* [Provided information]
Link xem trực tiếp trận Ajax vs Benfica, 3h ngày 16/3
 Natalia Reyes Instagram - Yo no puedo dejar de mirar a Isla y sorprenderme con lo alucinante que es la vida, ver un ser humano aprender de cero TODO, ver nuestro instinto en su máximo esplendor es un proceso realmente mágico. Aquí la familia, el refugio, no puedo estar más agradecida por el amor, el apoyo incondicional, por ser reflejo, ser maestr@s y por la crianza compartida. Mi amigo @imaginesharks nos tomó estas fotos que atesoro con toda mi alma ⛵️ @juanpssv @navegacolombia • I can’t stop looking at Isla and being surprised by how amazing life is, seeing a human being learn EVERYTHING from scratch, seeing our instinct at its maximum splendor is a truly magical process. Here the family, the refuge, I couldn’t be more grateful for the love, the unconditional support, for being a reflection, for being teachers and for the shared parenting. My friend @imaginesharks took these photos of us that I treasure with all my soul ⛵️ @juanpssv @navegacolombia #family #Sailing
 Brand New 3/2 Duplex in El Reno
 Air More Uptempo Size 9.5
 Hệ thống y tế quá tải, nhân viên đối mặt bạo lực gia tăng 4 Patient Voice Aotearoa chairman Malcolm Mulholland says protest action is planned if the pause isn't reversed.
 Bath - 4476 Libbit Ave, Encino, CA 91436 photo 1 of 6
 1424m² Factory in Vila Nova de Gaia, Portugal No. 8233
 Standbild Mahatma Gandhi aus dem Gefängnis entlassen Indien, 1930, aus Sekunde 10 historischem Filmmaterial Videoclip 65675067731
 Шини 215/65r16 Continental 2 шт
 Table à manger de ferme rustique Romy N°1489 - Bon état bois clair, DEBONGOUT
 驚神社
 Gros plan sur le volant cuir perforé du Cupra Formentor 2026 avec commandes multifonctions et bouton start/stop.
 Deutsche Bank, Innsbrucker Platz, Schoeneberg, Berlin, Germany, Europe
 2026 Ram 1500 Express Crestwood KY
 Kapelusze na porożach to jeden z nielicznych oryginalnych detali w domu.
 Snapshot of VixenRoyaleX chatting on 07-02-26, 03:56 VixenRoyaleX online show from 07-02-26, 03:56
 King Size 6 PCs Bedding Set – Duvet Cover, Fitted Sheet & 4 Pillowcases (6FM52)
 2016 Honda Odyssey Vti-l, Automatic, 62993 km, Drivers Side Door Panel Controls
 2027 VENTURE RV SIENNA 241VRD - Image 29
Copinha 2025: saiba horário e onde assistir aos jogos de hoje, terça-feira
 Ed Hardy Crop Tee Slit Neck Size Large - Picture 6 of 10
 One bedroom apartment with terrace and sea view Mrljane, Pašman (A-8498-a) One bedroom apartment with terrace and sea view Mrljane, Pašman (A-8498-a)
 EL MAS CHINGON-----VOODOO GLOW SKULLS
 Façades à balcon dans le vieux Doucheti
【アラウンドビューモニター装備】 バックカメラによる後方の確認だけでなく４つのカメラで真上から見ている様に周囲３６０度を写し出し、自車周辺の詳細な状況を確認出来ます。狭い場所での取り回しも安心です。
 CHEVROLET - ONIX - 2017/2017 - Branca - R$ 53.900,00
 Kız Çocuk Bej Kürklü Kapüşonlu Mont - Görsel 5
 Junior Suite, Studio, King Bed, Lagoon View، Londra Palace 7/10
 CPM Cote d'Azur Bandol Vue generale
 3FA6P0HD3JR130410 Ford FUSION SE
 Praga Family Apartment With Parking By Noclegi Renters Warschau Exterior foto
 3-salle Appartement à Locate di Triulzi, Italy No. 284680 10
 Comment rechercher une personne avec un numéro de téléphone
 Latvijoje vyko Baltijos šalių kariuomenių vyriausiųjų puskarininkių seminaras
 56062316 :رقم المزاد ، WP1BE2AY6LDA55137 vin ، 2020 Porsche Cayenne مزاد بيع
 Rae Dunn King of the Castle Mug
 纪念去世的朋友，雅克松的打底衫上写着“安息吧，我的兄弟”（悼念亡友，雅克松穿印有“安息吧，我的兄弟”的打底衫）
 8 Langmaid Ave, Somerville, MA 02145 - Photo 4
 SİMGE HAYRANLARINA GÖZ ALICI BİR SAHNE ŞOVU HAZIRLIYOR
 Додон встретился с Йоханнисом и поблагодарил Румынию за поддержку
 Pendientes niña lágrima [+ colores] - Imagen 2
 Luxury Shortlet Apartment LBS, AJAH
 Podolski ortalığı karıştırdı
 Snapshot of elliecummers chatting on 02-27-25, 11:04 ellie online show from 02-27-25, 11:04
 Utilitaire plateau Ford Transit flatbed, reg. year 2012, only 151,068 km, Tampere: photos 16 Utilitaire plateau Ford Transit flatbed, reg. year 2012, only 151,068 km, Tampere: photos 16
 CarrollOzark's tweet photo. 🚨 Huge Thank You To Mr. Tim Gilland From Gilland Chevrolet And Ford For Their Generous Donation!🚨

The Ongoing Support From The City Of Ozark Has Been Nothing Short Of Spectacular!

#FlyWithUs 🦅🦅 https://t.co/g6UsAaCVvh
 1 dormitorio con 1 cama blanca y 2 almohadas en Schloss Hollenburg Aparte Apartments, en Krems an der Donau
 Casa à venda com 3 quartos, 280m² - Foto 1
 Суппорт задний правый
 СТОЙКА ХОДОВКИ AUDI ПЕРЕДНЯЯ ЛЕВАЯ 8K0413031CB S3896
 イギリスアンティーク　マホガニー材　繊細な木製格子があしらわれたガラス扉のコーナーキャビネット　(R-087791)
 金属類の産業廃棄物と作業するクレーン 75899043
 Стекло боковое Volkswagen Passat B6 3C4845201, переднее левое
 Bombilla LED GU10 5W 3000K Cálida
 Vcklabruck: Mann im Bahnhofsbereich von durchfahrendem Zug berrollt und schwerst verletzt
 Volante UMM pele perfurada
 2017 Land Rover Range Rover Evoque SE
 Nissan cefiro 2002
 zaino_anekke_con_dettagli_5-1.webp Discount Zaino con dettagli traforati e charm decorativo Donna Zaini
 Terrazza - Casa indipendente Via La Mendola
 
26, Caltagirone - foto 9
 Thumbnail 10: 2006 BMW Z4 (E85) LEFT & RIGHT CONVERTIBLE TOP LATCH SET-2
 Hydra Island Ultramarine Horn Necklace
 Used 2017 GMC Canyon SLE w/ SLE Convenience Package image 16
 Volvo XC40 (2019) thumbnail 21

* [Directions] Search the records for the word "avec" and copy every line where it occurs.

* [Solution below]
 Gros plan sur le volant cuir perforé du Cupra Formentor 2026 avec commandes multifonctions et bouton start/stop.
 Comment rechercher une personne avec un numéro de téléphone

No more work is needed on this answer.